Se han hecho poco en estudios clínicos sobre el tratamiento del Trastorno de Estrés Postraumático Complejo. Sin embargo, en general se recomienda lo siguiente:
- Eliminación y/o protección de la fuente del trauma. Si se trata de una relación, como con tu padre o madre, puedes valorar cuánto contacto puedes tener sin que te haga daño o valorar el contacto cero. Si se trata de una relación de abuso de una pareja, amistad, relación de trabajo, valorar dejarlas en la medida de lo posible, ya que esto no se suele poder hacer de forma rápida y, mientras tanto, aprender a poner límites y decir que no.
- Reconocimiento del trauma como algo real, importante e inmerecido. Esto es muy importante porque muchas víctimas se culpan de lo sucedido y, a través de esa culpa, creen que se merecen lo que les ha pasado. Esto no es así. En casos de abuso, el responsable del abuso es la persona que lo perpetra.
- Reconocimiento de que el trauma provino de algo que era más fuerte que la víctima y por lo tanto no podía evitarse.
- Reconocimiento de la naturaleza compleja del Trastorno de Estrés Postraumático Complejo: cuando hay trauma no resuelto en el cuerpo, las personas tienden a buscar de forma inconsciente situaciones y/o relaciones en las que revivir ese trauma originario.

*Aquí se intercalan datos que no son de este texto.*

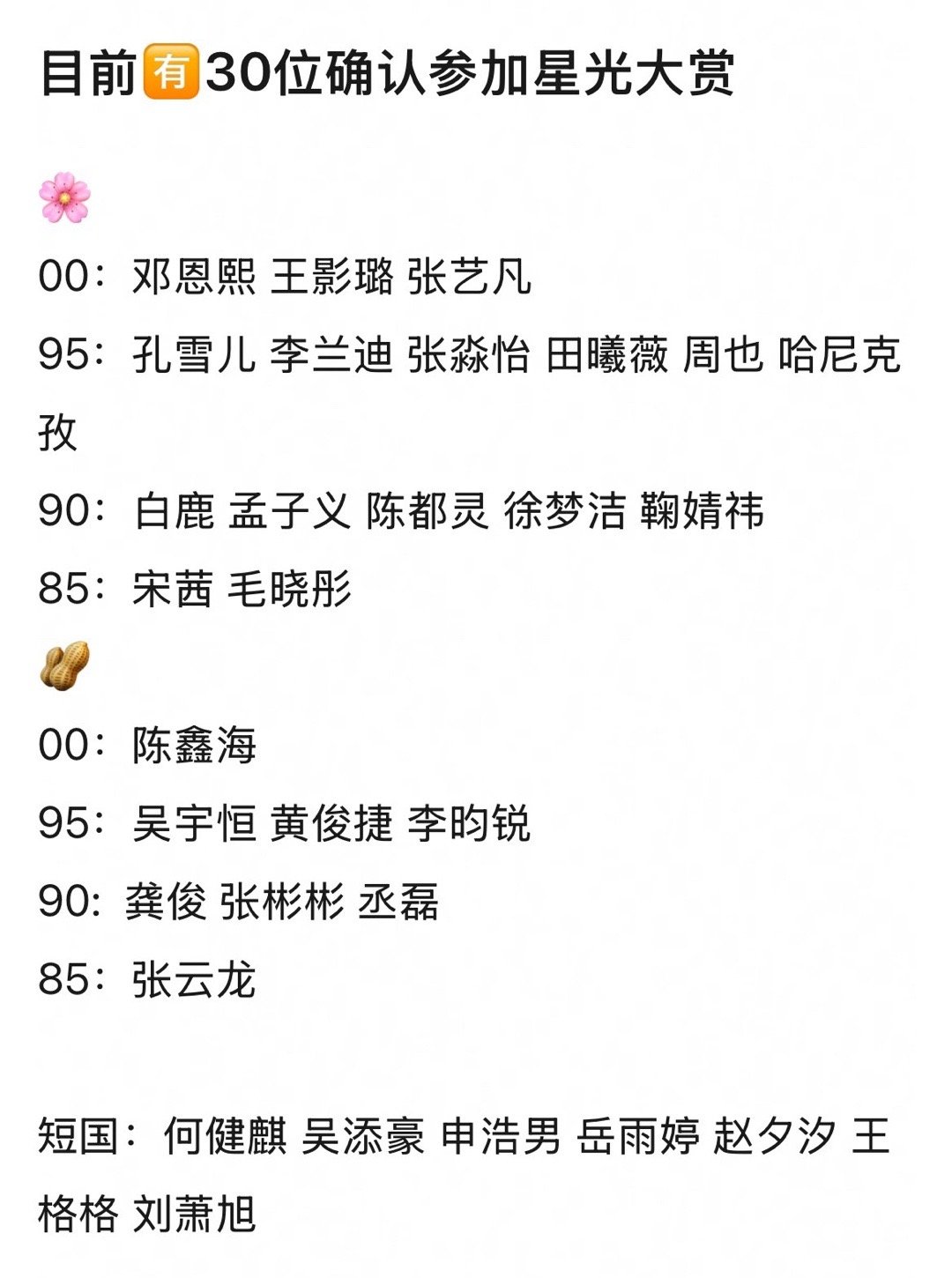 腾讯星光大赏8号官宣嘉宾阵容'͜'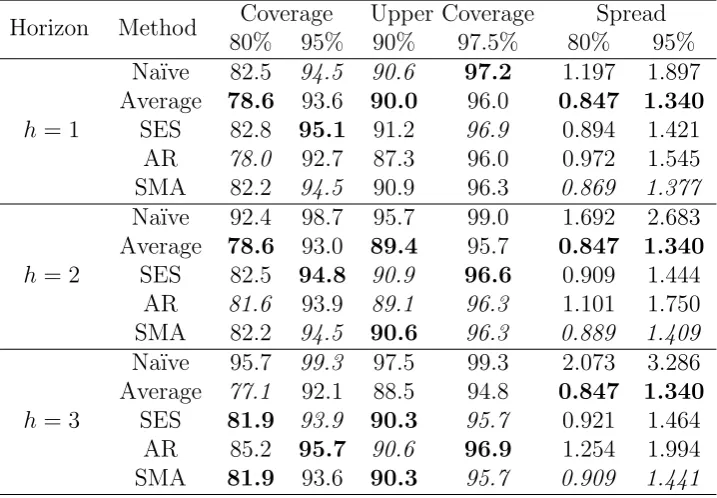 Table 5: Prediction intervals performance of the SMA against the Na¨ıve, the Average, the SES and the ARfor diﬀerent planning horizons.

- Reconocimiento de que la recuperación del trauma no es trivial y requerirá de tiempo, paciencia y consciencia.
- Separación de los temas en lo que la persona puede trabajar, como poner límites y aumentar la autoestima y aquéllos que no, como el comportamiento abusivo de uno o varios miembros de la familia.
- Hacer el duelo por lo que se ha perdido y no se puede recuperar, como una infancia más “normal”.
- Construir una red de apoyo donde la persona pueda sentirse segura y querida tal y como es.
- En el caso de síntomas de depresión o ansiedad, acudir a la medicación adecuada si la persona lo considera necesario. Pero, en mi opinión, esto siempre debe ir acompañado de terapia emocional para tratar la raíz de los asuntos que han llevado a desarrollar estos síntomas.
- Hablar sobre lo ocurrido en lugares seguros como la terapia, un grupo de poyo o con amigos. Escribir sobre ello, empezar un diario en el que puedas registrar tus sensaciones corporales y emociones en tu día a día.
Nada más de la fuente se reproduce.